(Scraped caption text data)
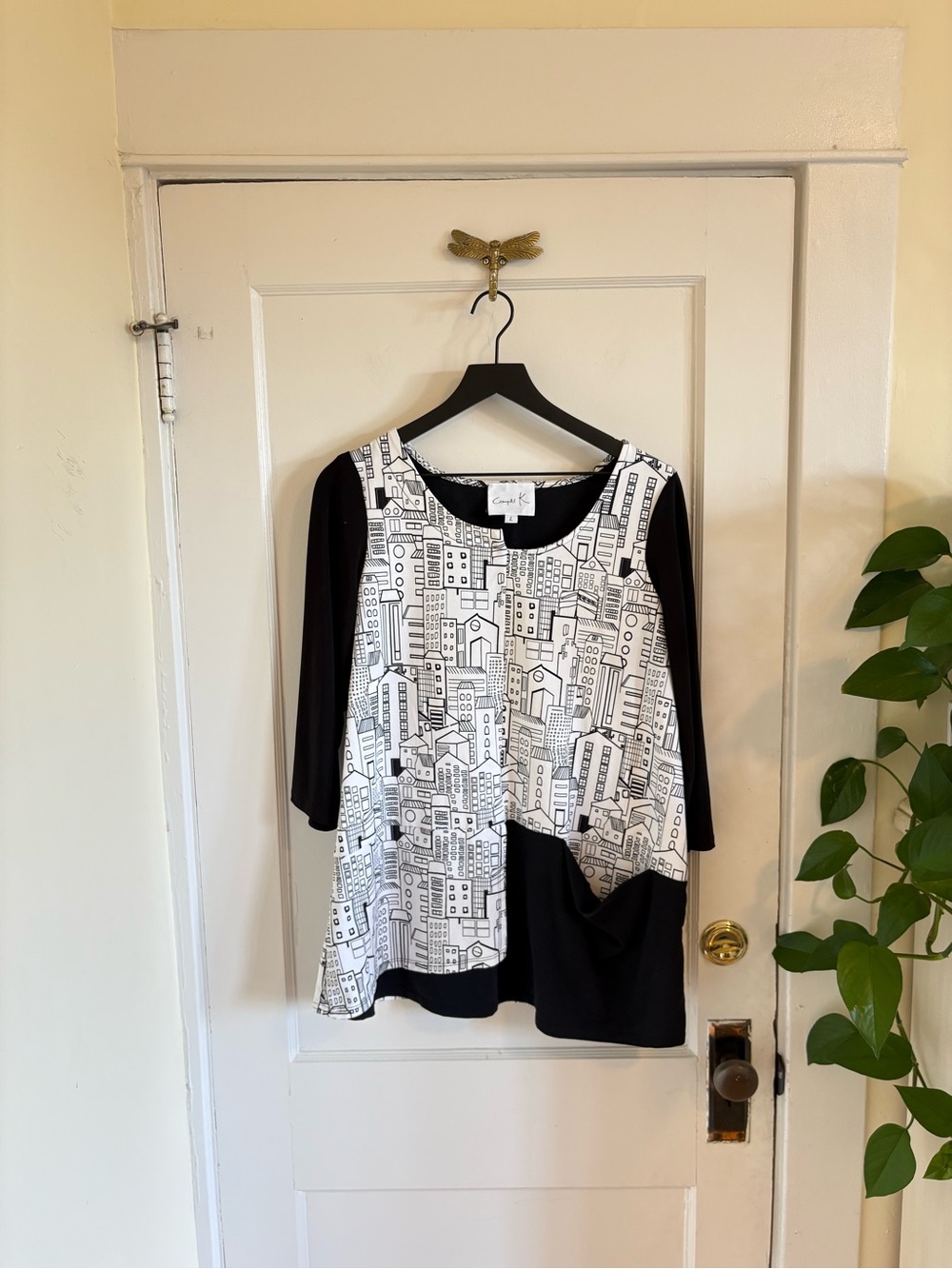 Compli K Artsy Asymmetrical House Print Black and White Tunic Top Size Large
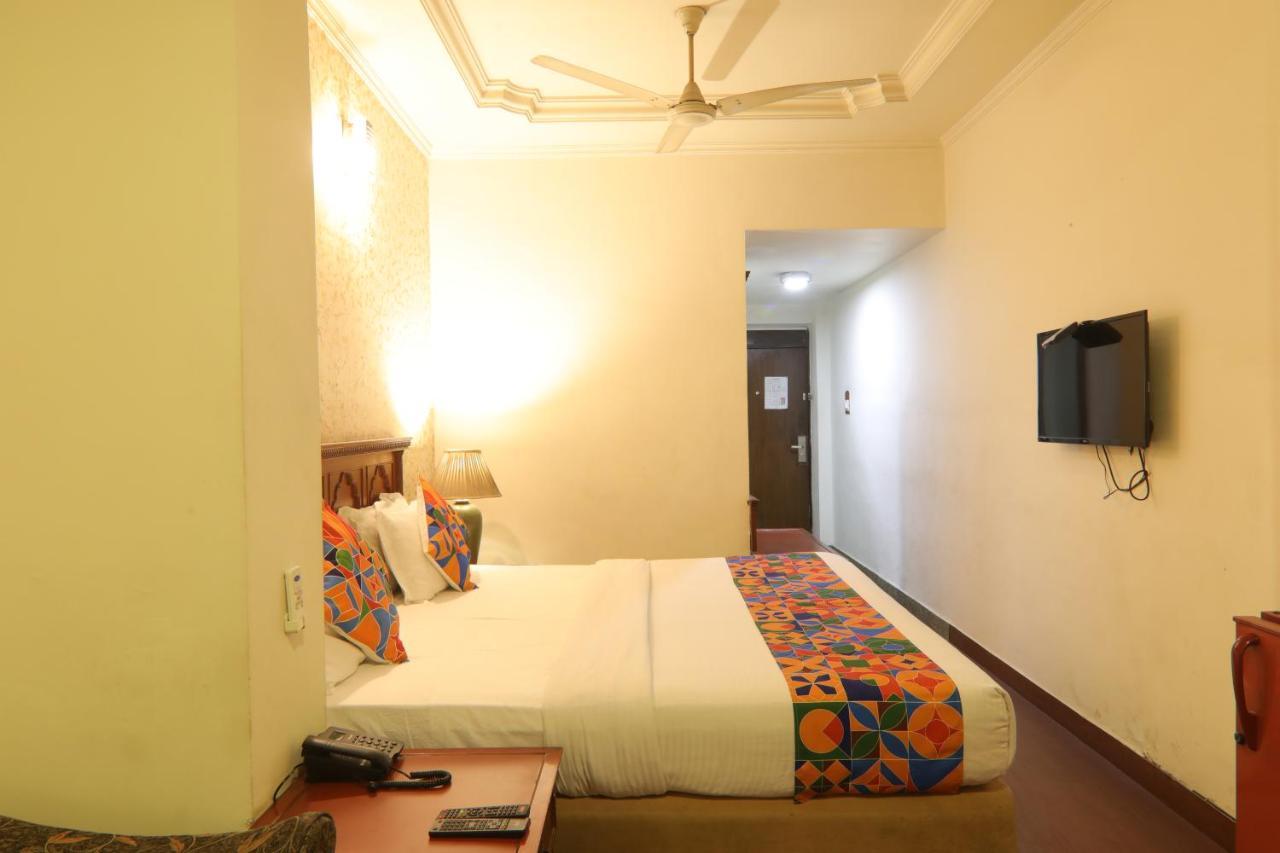 Hotel Mohan Lucknow Eksteriør billede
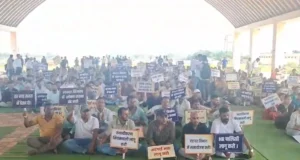नियमितीकरण की मांग पर सड़क पर उतरे VB-G RAM G के तकनीकी सहायक, तुता धरना स्थल पर जुटे कर्मचारी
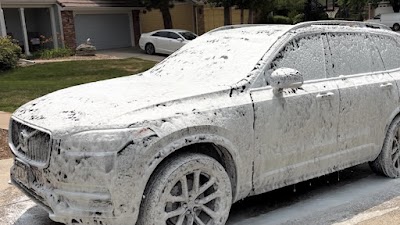 Detailing cars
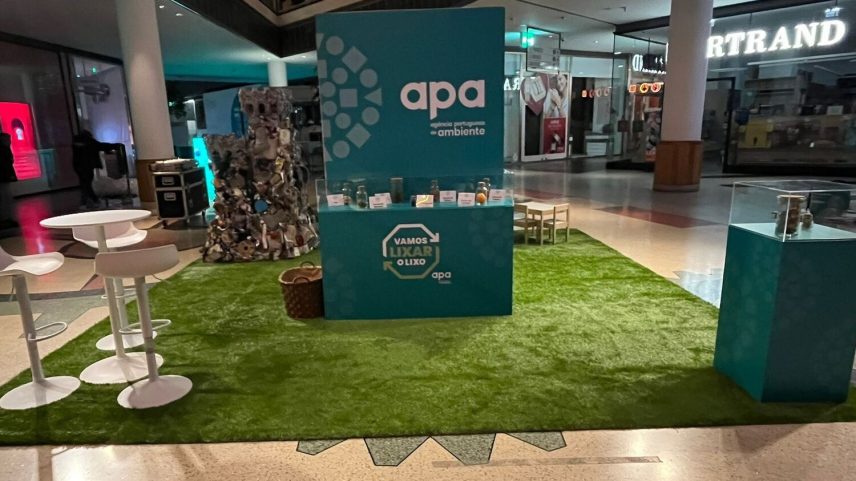 A APA promove campanha sobre lixo com exposição num centro comercial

TASK STATEMENT: Each line of the data above must be reproduced as written. Skip the pictures.

PROBLEM SOLUTION:
 Compli K Artsy Asymmetrical House Print Black and White Tunic Top Size Large
 Hotel Mohan Lucknow Eksteriør billede
नियमितीकरण की मांग पर सड़क पर उतरे VB-G RAM G के तकनीकी सहायक, तुता धरना स्थल पर जुटे कर्मचारी
 Detailing cars
 A APA promove campanha sobre lixo com exposição num centro comercial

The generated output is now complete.